Or I could say: calling 2.3 litres in volume small form factor is pure sin.

It's more than twice the volume of the first reference GTX TITAN, itself a height of decadence for its time, or the RTX 2080 Ti that kicked off the current era of power and pricing excess. It's more volume than some entire systems; bigger than six out of Notebookcheck's top ten Mini PCs, and all of the other four have discrete GPUs of their own. You could nab a Legion Go (say, on Amazon) for that space - even Lenovo's giant amongst gaming handhelds is smaller.

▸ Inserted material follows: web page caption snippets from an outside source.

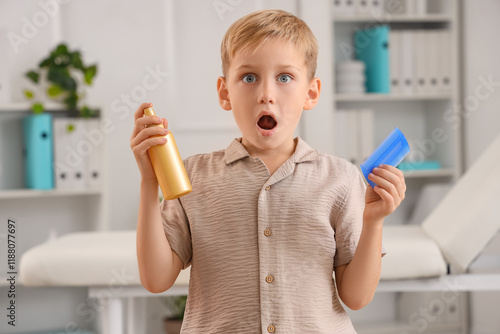 Shocked little boy with hea...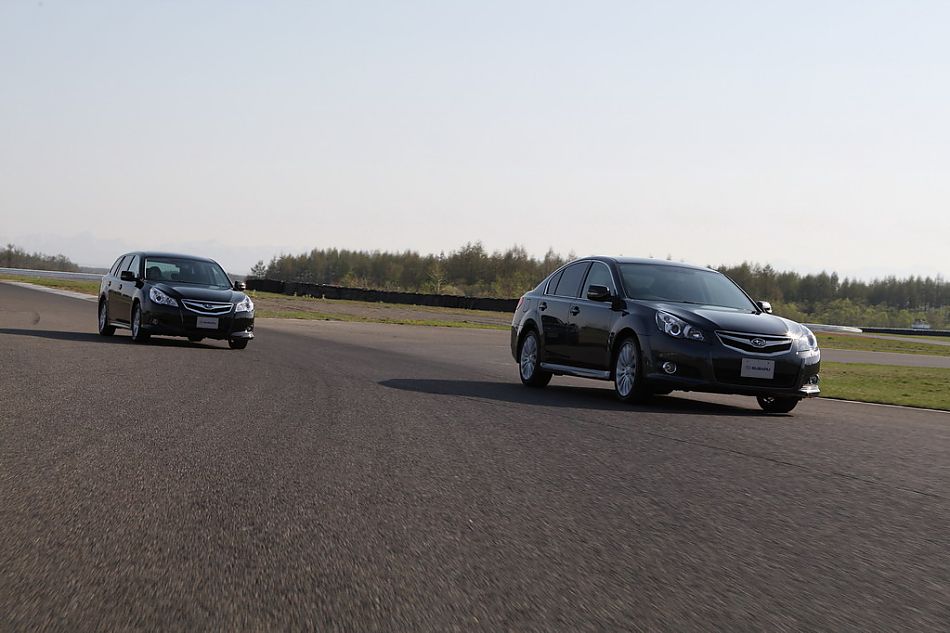 试驾斯巴鲁新力狮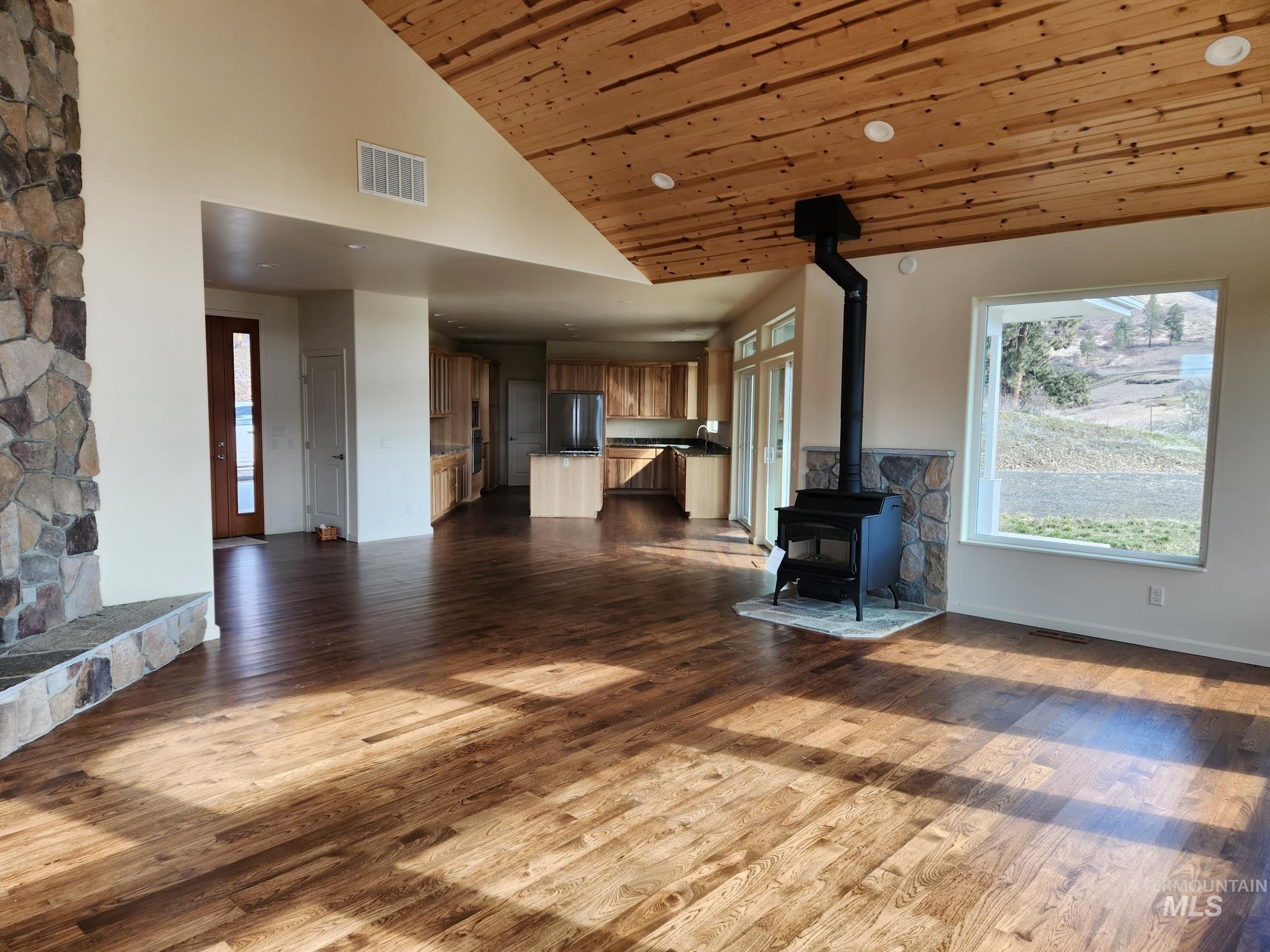 109 Austin Lane Property Photo 8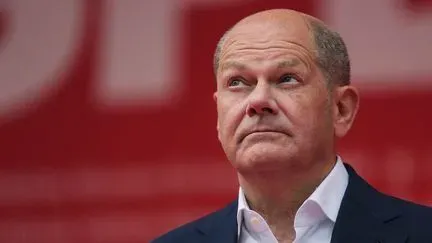 Allemagne: comme Macron, Olaf Scholz subit une lourde défaite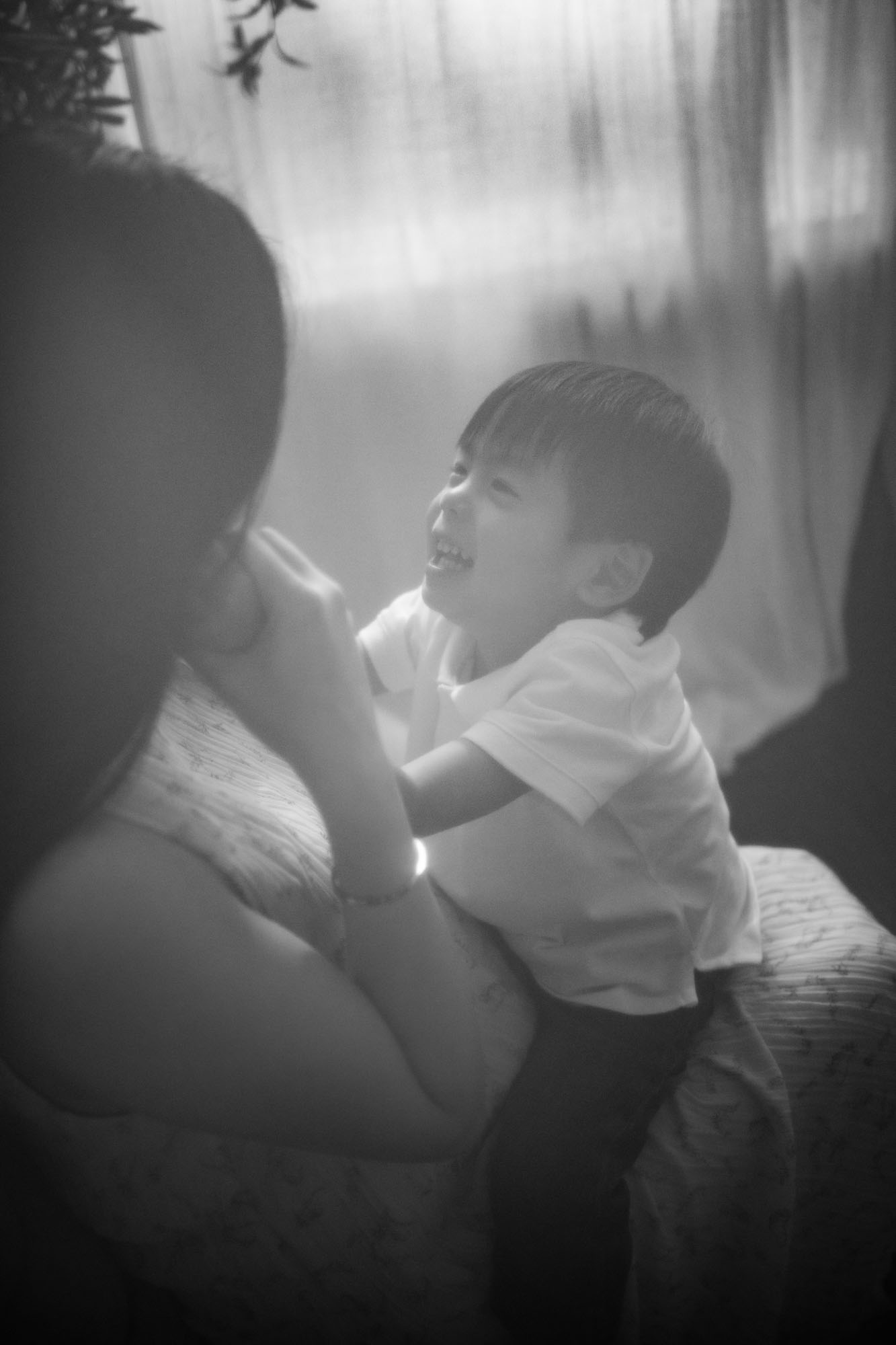 Calgary photographer, maternity and newborn photoshoot, storytelling, candid, studio session, creative, editorial and vintage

We've done small graphics cards before. We've even done small high-end graphics cards before. The Vega 56 Nano sat around the same wattage of heat to cool as the RTX 4070 does today, except it got by with a half-length, two-slot cooler. Galax's GTX 1070 Katana did its job with just a single PCIe slot in width - and though it only had 150 watts to deal with, its newer Lovelace counterpart often sits below nominal TDP, not far above the 1070's power draw. Don't get me wrong, neither of those cards were particularly fantastic in terms of noise and performance. But they make these new guidelines seem almost laughable; it simply feels like board partners are conceding defeat to their own laziness, and needing Nvidia to cover their retreat from design challenges that they exist to solve.

How about ITX-sized GTX 1080s, ones that fit in builds that the Vega 64 couldn't even dream of? Do we remember those? (Image: Gigabyte)
How about ITX-sized GTX 1080s, ones that fit in builds that the Vega 64 couldn't even dream of? Do we remember those? (Image: Gigabyte)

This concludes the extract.